Question: Incorrect cycle number entered on sample sheet
0
gravatar for harks
9 months ago by
harks0
harks0 wrote:

I have paired end libraries (prepared by sureselect target enrichments hs protocol) with insert sizes of approximately 150 - 200 bp. A 600 cycle v3 kit was used for sequencing on a MiSeq with the intention of setting the cycle number to 101 x 101 however it was mistakenly set to 301 x 301. When I attempt to correct the read length by adapter trimming to remove the read through there is still a sharp peak of reads close to 300 bp in size. FastQC adapter module tells me there is no adapter left. Is it poor practice to force trim reads down to a certain length?

sequencing next-gen • 422 views
ADD COMMENTlink modified 9 months ago • written 9 months ago by harks0

Hi h.mon, Thanks for your reply. There is a reference genome available. I'll try what you suggested and follow up.

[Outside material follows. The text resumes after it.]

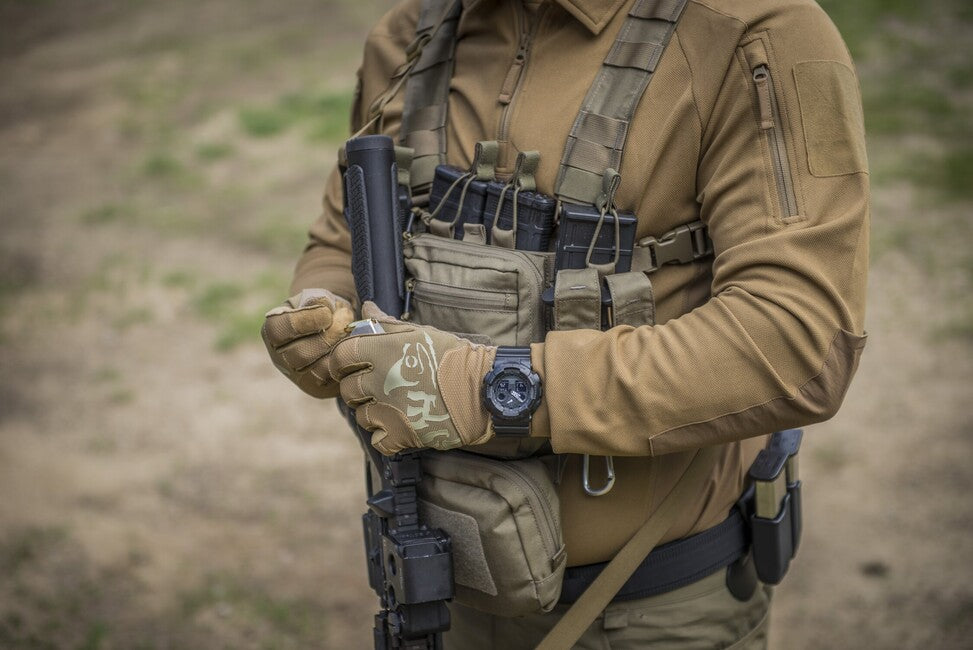 Helikon-Tex Range Tactical Γάντια - MultiCam / Coyote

ADD REPLYlink written 9 months ago by harks0

Hello,

I carried out trimming with bbduk.sh using the tbo and tpe flags, as suggested + quality trimmed reads on right to q20 (qtrim=r trimq=20) and chose a minimum length of 50. A peak remained close to 300 bp (now 293 bp after trimming).

I then mapped the reads to my reference sequence using BBMap and plotted the mhist, which is below. I did not include Match1 and 2 in the plot but they maintain 0.99 across the positions until position 293 where they fall to 0.95325 and 0.96665, respectively.

mhist

When I remove position 293, I get the following:

no2

As I'm quite new to this type of analysis do you have any recommendations on how to proceed?

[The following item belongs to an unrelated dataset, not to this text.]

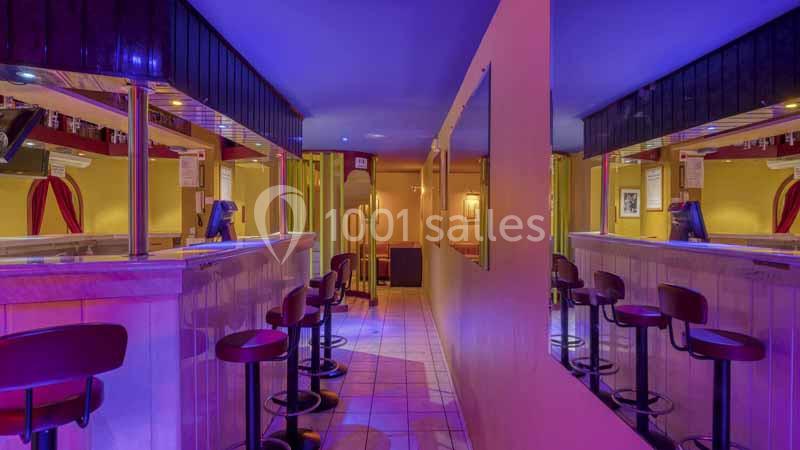 Salle Flore - galerie - photo 1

ADD REPLYlink modified 9 months ago • written 9 months ago by harks0

You should trim using ktrim=r which would actually remove the adapter contamination (qtrim is not going to do that). Please post results of what happens with that option. You can leave the qtrim off. There is no need to worry about that upfront. Also post the entire bbduk.sh command line you use.

ADD REPLYlink written 9 months ago by genomax65k

Hi genomax,

Sorry I was not clear. I did trim with ktrim=r also before the above plots.

This is the command I used:

bbduk.sh in1=in_R1.fq in2=in_R2.fq out1=out_R1.fq out2=out_R2.fq ref=adapters.fa ktrim=r k=23 tbo tpe qtrim=r trimq=20 minlen=50

adapters are Truseq:

adapter read 1= AGATCGGAAGAGCACACGTCTGAACTCCAGTCA

adapter read 2 = AGATCGGAAGAGCGTCGTGTAGGGAAAGAGTGT

ADD REPLYlink modified 9 months ago • written 9 months ago by harks0
1

Can you provide stats of trimming? How many reads were trimmed and how many were completely removed?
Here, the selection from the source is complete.